Atualizado: 13 de out.

Benites Bettim no UOL: Cibele Lasinskas comenta sobre responsabilidade civil e penal em falhas de sistemas Pix, sobretudo no caso C&M Software.

A falha que sacudiu o Pix


O ataque à infraestrutura da C&M Software, noticiado no início de julho, rompeu a barreira técnica que usualmente isola o sistema financeiro central dos riscos mais difusos do ambiente digital. Embora o Banco Central tenha confirmado que o núcleo do Pix permaneceu intacto, a violação da plataforma responsável por intermediar a comunicação entre instituições financeiras e o Sistema de Pagamentos Brasileiro (SPB) foi suficiente para bloquear operações, comprometer liquidações e expor uma lacuna institucional: a ausência de fiscalização específica sobre os provedores terceirizados de conectividade.


A fragilidade explorada pelo ataque não estava em um banco, nem em uma aplicação final ao consumidor, mas na infraestrutura de uma empresa privada que operava nos bastidores, exatamente onde a transparência regulatória é menor e os protocolos de segurança variam conforme a autodeclaração.

A escolha desse alvo revelou, mais do que uma vulnerabilidade operacional, uma assimetria de responsabilidade: enquanto as instituições centrais têm suas rotinas de governança auditadas de forma constante, as empresas que orbitam o ecossistema podem operar sob protocolos próprios, sem a mesma exposição pública ou controle institucional.


O impacto direto recaiu sobre contas reservas de instituições financeiras menores, utilizadas exclusivamente para liquidação interbancária, o que, na prática, evitou prejuízos a correntistas. Ainda assim, os números são expressivos: estima-se que o desvio tenha alcançado centenas de milhões de reais, com valores oscilando entre R$ 400 e R$ 800 milhões conforme diferentes fontes de imprensa. A Polícia Civil de São Paulo classificou o episódio como a maior invasão de dispositivo eletrônico da história do país.


Quando uma falha atinge uma engrenagem crítica do sistema, ainda que periférica, a pergunta que se impõe é menos sobre como o ataque ocorreu, e mais sobre quem deveria ter impedido que ele se tornasse possível. É nesse ponto que a análise jurídica começa.
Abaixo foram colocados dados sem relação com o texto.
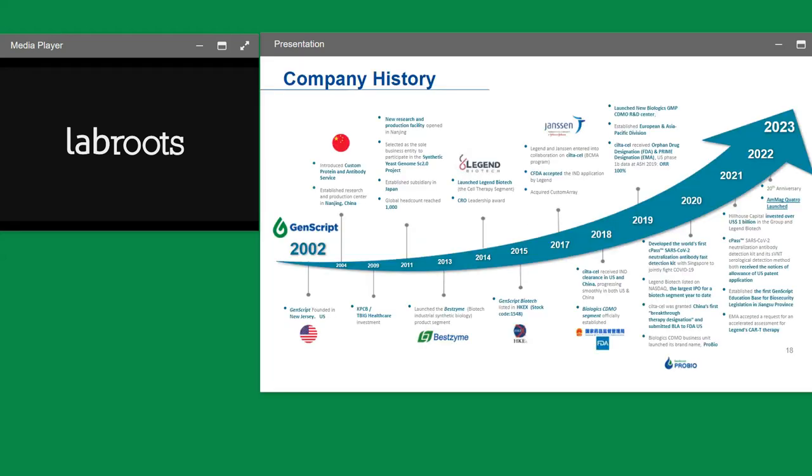With that, I'm basically done with the portion covering the Emma Quattro. I do want to take a couple of moments to mention that GenScript recently celebrated our 20th anniversary. We've been around for 20 years and expanded significantly from a tiny startup with $5,000 in New Jersey in 2002, all the way to the company we are today with multiple divisions, multiple departments, and quite a bit of off-the-shelf solutions.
Quem arca com o prejuízo? A lógica da responsabilização civil


A responsabilidade pelo prejuízo estimado em mais de R$ 500 milhões, com algumas projeções chegando à casa de R$ 1 bilhão, tende a recair, prioritariamente, sobre a C&M Software, empresa diretamente envolvida na operação tecnológica que foi alvo do ataque. Ainda que o incidente possa ter se originado a partir da conduta de um funcionário, o ordenamento jurídico brasileiro estabelece, com clareza, que a empresa responde objetivamente pelos atos de seus prepostos, desde que praticados no exercício de suas funções ou em razão delas. Essa responsabilização prescinde da comprovação de culpa direta: basta o nexo entre a atividade desempenhada e o contexto funcional da conduta.
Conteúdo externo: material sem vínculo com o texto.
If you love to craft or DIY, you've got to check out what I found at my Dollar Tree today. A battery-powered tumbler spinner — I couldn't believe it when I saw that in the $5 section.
Além disso, a C&M atua em um setor altamente sensível, operando a interface entre instituições financeiras e o sistema de pagamentos do Banco Central. Nesse tipo de atividade, incide com ainda mais força a teoria do risco do empreendimento: quem aufere os lucros da atividade assume também os riscos decorrentes do seu exercício, incluindo falhas operacionais, vulnerabilidades técnicas e condutas irregulares de seus colaboradores. Mesmo que o ataque tenha sido arquitetado por agentes externos, o fato de sua execução ter sido viabilizada por um insider reforça a atribuição de responsabilidade à empresa, sobretudo diante da expectativa legítima de que seus sistemas estejam blindados contra esse tipo de risco previsível.
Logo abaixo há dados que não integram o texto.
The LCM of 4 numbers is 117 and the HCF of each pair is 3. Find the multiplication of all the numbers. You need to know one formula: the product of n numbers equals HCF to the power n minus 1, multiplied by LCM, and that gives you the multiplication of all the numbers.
Há ainda um terceiro fundamento relevante: o dever de guarda técnica e operacional dos sistemas que viabilizam movimentações financeiras. Nesse contexto, falhas na segurança que resultam em prejuízos a terceiros, mesmo quando provocadas por terceiros, impõem o dever de indenizar, se ficar evidenciada vulnerabilidade evitável ou descuido estrutural. Empresas que intermediam transações financeiras, ainda que não manipulem diretamente valores de clientes finais, assumem o compromisso de garantir a integridade das operações sob sua responsabilidade.


Embora a C&M figure como polo central da responsabilização, não se pode descartar que outras instituições envolvidas, especialmente aquelas com vínculo contratual ou operacional com a empresa, também venham a ser chamadas a responder. Isso ocorrerá, no entanto, apenas se for demonstrado que contribuíram, por ação ou omissão, para a ocorrência do dano, seja por falhas de controle, ausência de diligência contratual ou outras formas de participação.

Nesse sentido, é somente com a apuração dos fatos que se poderá efetivamente confirmar a completa responsabilidade da C&M e, ainda, a potencial responsabilidade de outras entidades a ela eventualmente ligadas.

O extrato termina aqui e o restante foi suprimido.